- When headlines affect stock markets, the question that investors should ask themselves is, "Is this systemic for the economy and markets?"
- The long-term impact depends on whether this geopolitical development escalates into something that is systemically important to the fundamentals that drive the stock market.
- The fundamentals that drive the stock market are earnings, interest rates, and valuation.
We started the new year with high hopes for a continuation of the recent stock market rally, only to have that complacency shaken by a major geopolitical development overnight (the US drone attack on a senior Iranian military figure, with Iran vowing to retaliate). The result was rising oil prices and falling stock prices, a rally in gold, falling bond yields, and increased volatility. On January 7, Iran fired missiles at US military bases in Iraq. The following day, January 8, stock market indexes rallied following remarks by President Trump.
It comes back to fundamentals for investors
About the expert
Jurrien Timmer is the director of global macro in Fidelity's Global Asset Allocation Division, specializing in global macro strategy and active asset allocation. He joined Fidelity in 1995 as a technical research analyst.

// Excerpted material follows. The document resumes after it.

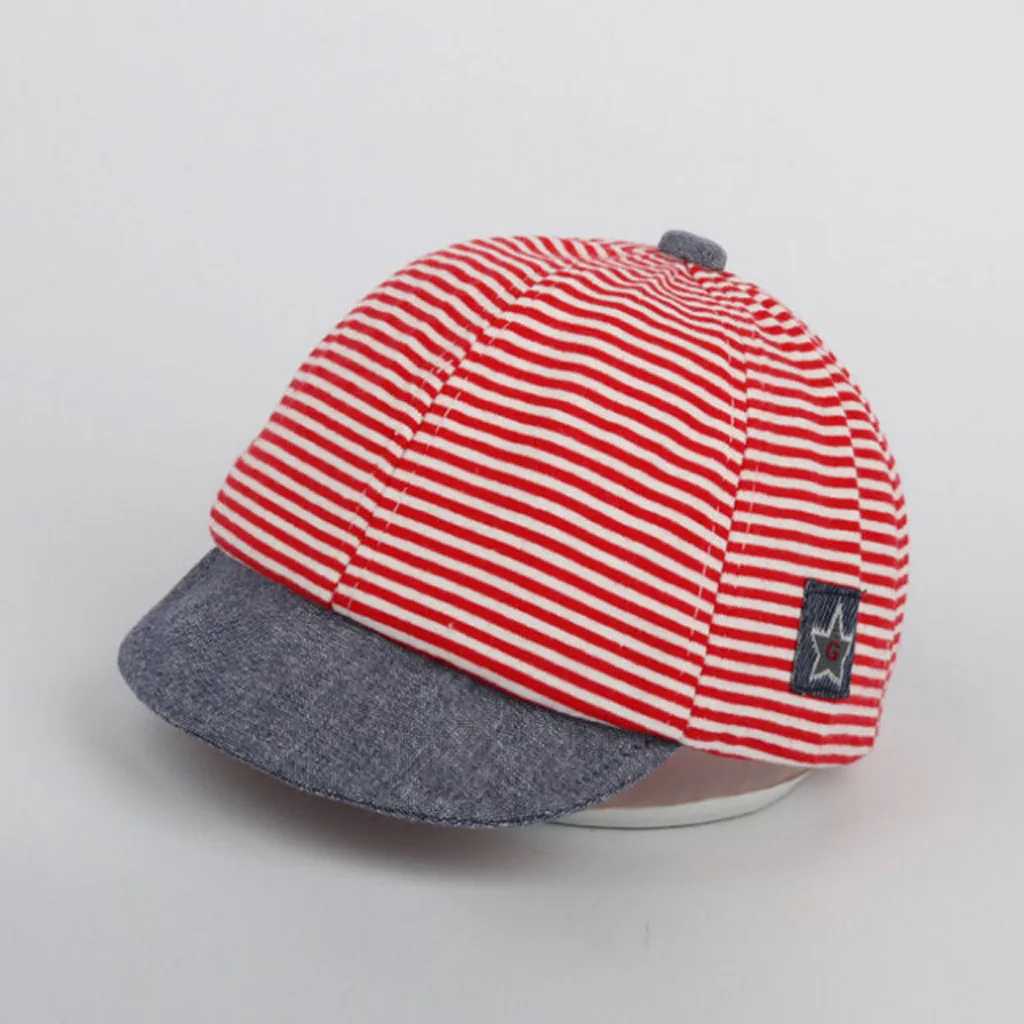 Kawaii Baby Baseball Caps Infant Boy Girl Stripe Beret Luxury Summer Newborn Hats Sun Bonnet Bebes Muts | Детская одежда и обувь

The immediate question on investors' minds was: Is the rally over? Are we heading for an environment of rising geopolitical risks and therefore falling stock prices? What does it all mean? It all depends on whether this geopolitical development escalates into something that is systemically important to the fundamentals that drive the stock market.
Those fundamentals are earnings, interest rates, and valuation. The question that investors should always ask when confronted with big headlines is, Is this systemic for the economy and markets?
Potential implications in the future
It is clearly much too early to know how events will evolve, but it’s always important for investors to keep an eye on developments that have the potential to affect the fundamentals: the trajectory for US or global earnings growth, interest rates, and Fed policy.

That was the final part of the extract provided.